Nor has it been replenished naturally by rain and snow from the San Gabriel Mountains.

Whether this winter will provide relief is anyone's guess, according to Carol Williams, executive director of the Main San Gabriel Basin Watermaster, which manages groundwater resources in the region.

Though some are predicting rain from El Ni o, Williams isn't certain.

"I've looked at some of the information presented by the county, and it's all totally inconclusive," she said. "All we can do is cross our fingers and do a little rain dance."

Even if the state's 3-year drought comes to an end this winter, imported water supplies are likely to be limited for years to come, according to Bob Muir, spokesman for the Metropolitan Water District, which allocates imported water throughout the Southland.

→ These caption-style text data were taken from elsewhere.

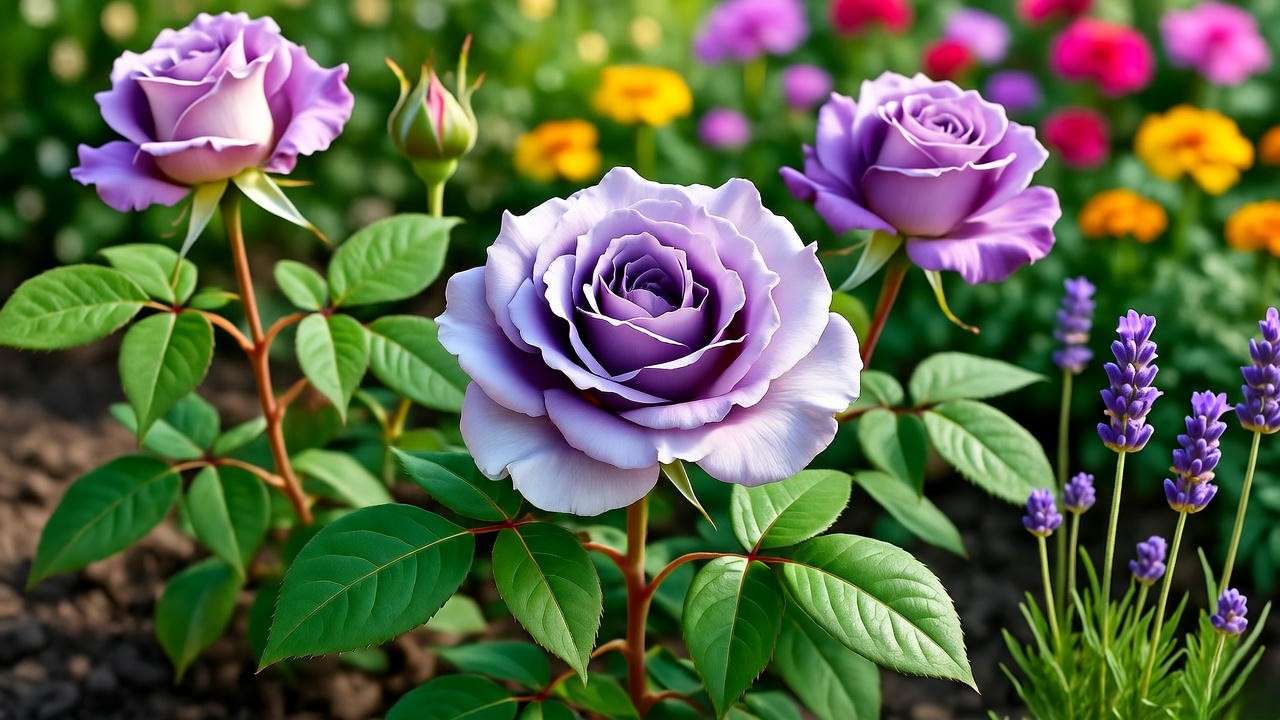 "Sterling silver rose with companion plants lavender and marigolds in garden."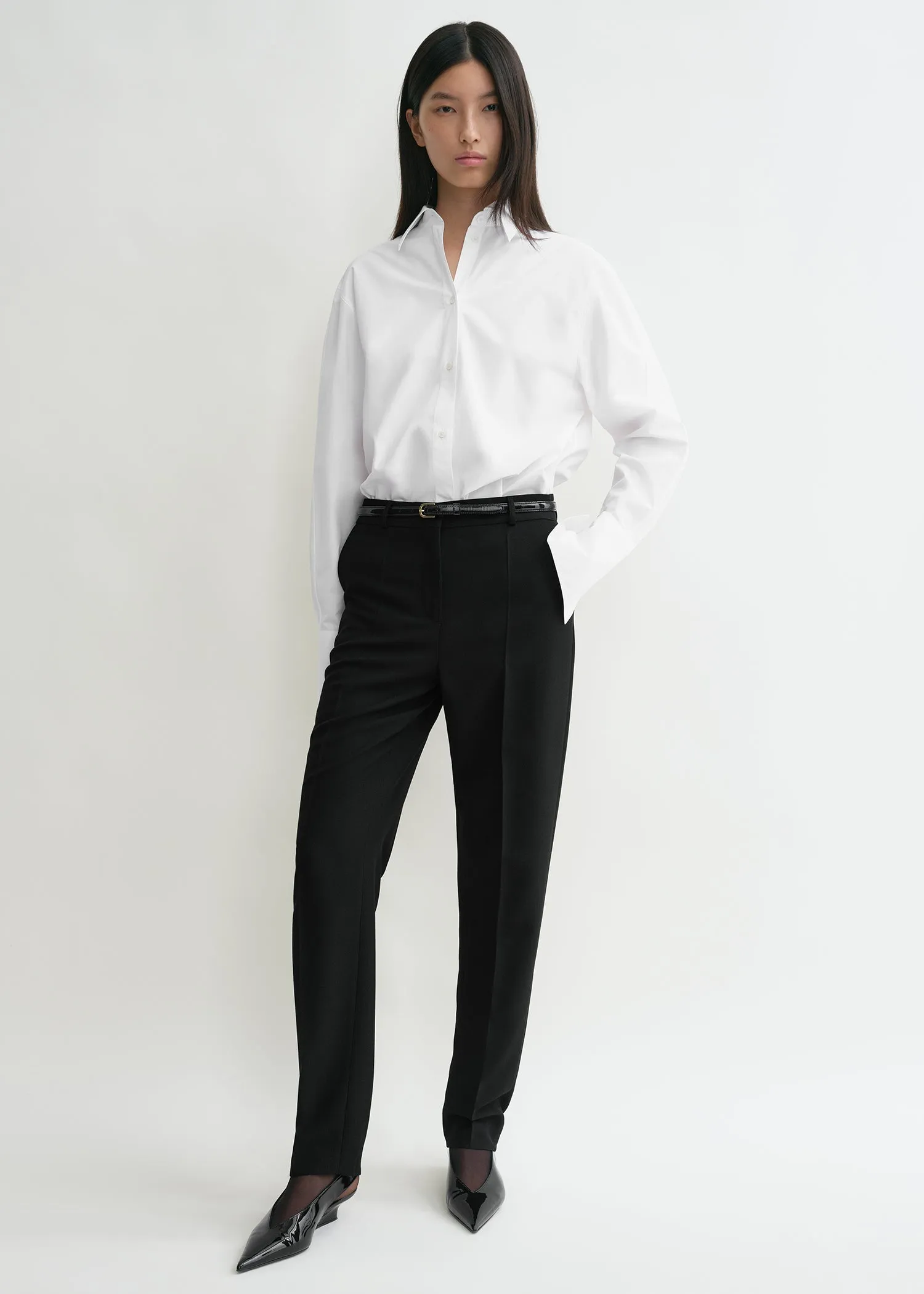 Oversized tuxedo shirt white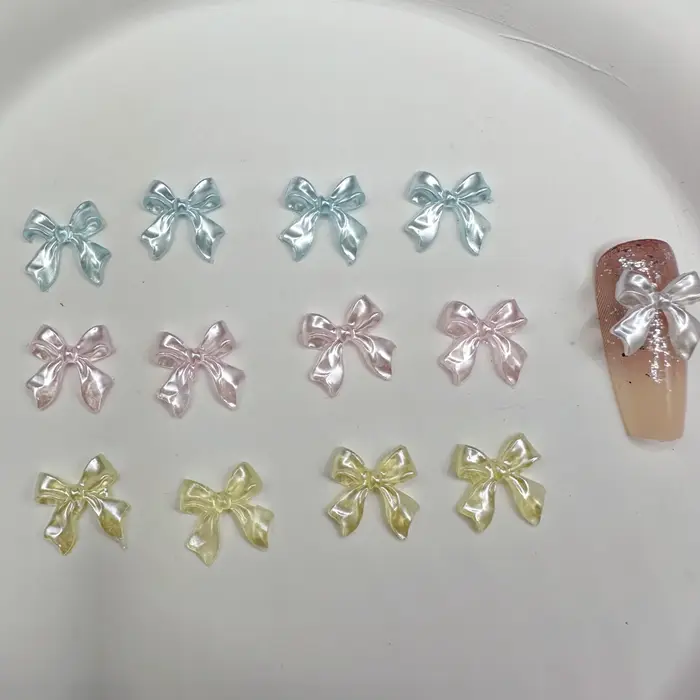 Accessoires de breloques pour ongles avec nœud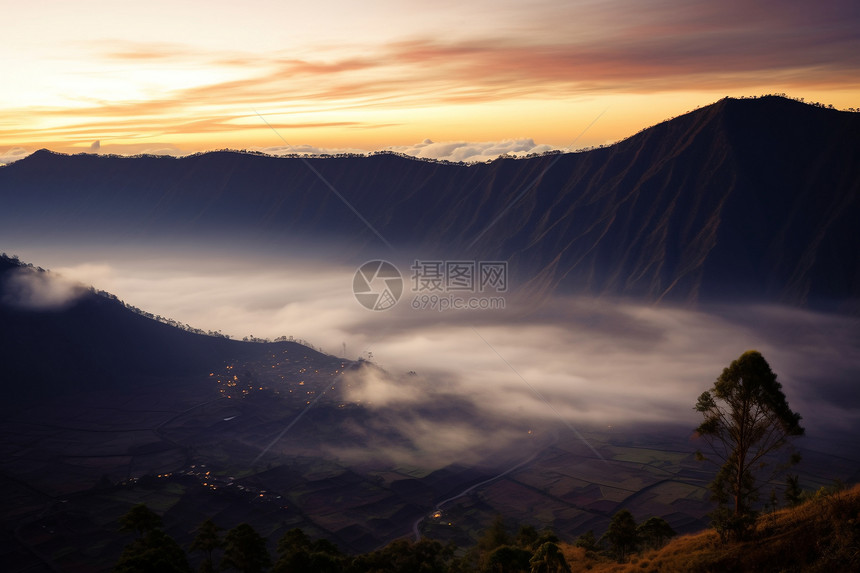 火山口风景图片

That is because in addition to drought, supplies have been severely limited by court-ordered restrictions cutting back the amount of water that can be pumped through the San Joaquin-Sacramento River Delta in order to protected several endangered fish species, including the tiny Delta smelt.

"We are in a new era of limits, particularly with the Delta," Muir said.

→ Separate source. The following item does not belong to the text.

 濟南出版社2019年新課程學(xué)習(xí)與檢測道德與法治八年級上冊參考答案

The Delta estuary sits at the center of the state's network of pumps and canals that distribute water across the state.

Last month lawmakers passed comprehensive legislation aimed at remedying the Delta and the state's water supply. The package includes an $11.1 billion water bond for infrastructure projects and conservation programs that requires voter approval.

Whether the state's 5 percent allocation will send a message to voters won't be known until next November's election.

"Five percent sends a very strong message that the state is in a water crisis. I think (the allocation) is a combination of the conditions during the past year, and the need to let us know, to let everyone know, we are in this crisis, with an exclamation point," said Art Aguilar, general manager of the Central Basin Municipal Water District, which distributes imported water to Montebello, Whittier, Pico Rivera, Santa Fe Springs and other cities.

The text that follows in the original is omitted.